Personal information
- Full name: Albert Thoroughgood Buick
- Date of birth: 17 January 1875
- Place of birth: Arbroath, Scotland
- Date of death: 25 March 1948 (aged 73)
- Place of death: Arbroath, Scotland
- Height: 5 ft 7 in (1.70 m)
- Position(s): Centre-half

Senior career*
- Years: Team / Apps / (Gls)
- 1893–1896: Arbroath
- 1896–1903: Hearts / 100 / (7)
- 1903–1911: Portsmouth

International career
- 1899–1903: Scottish League XI / 2 / (0)
- 1902: Scotland / 2 / (2)

= Albert Buick =

Scottish footballer

Albert Thoroughgood Buick (17 January 1875 – 25 March 1948) was a Scottish footballer, who played for Arbroath, Heart of Midlothian and Portsmouth.

Born in Arbroath, Buick started his career with home-town Arbroath F.C., where he stayed until 1896. In July of that year he joined Hearts, answering an advertisement from the then reigning Scottish Cup holders.
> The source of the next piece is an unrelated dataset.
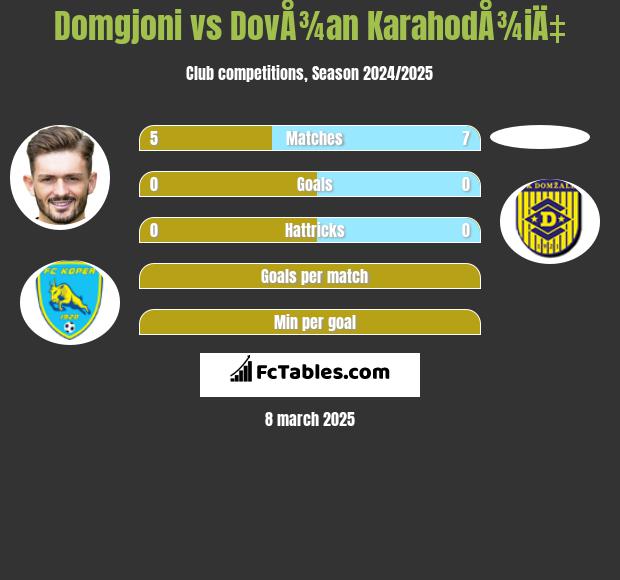 Domgjoni vs DovÅ¾an KarahodÅ¾iÄ‡ h2h player stats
He appeared infrequently as Hearts won the 1896-97 League title but became a more regular player the following season. He played in Hearts 1900-01 Scottish Cup win, where the Edinburgh side defeated Celtic 4-3 in the final and was club captain by the time the side reached the 1902-03 final, where they lost to Rangers.
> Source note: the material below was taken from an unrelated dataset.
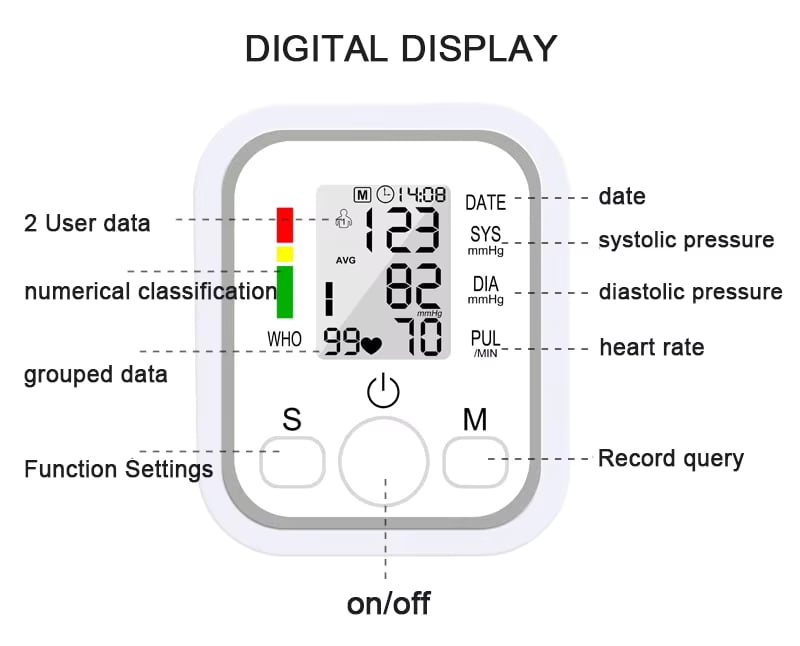 TENSIÓMETRO MONITOR PRESIÓN ARTERIAL DIGITAL - 2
Buick's appearance led many commentators to consider him an unlikely defender. He measured only 5 foot 7 inches tall, had a slight stoop and his long, gangly arms earned him the nickname "spider". However, his all-action style and stamina earned him many admirers and two caps for the Scotland national team in March 1902. These came against Ireland and Wales and Buick scored in both games as Scotland won 5-1 on each occasion. The stature of his contemporary and rival for the centre-half position, Alex Raisbeck, was said to have ensured he didn't win more honours.

Buick moved south to Southern Football League side Portsmouth in 1903 and was eventually joined by six former Hearts teammates. He spent eight season with Pompey, most notably helping the team to an upset victory over Manchester United in a 1906-07 FA Cup replay.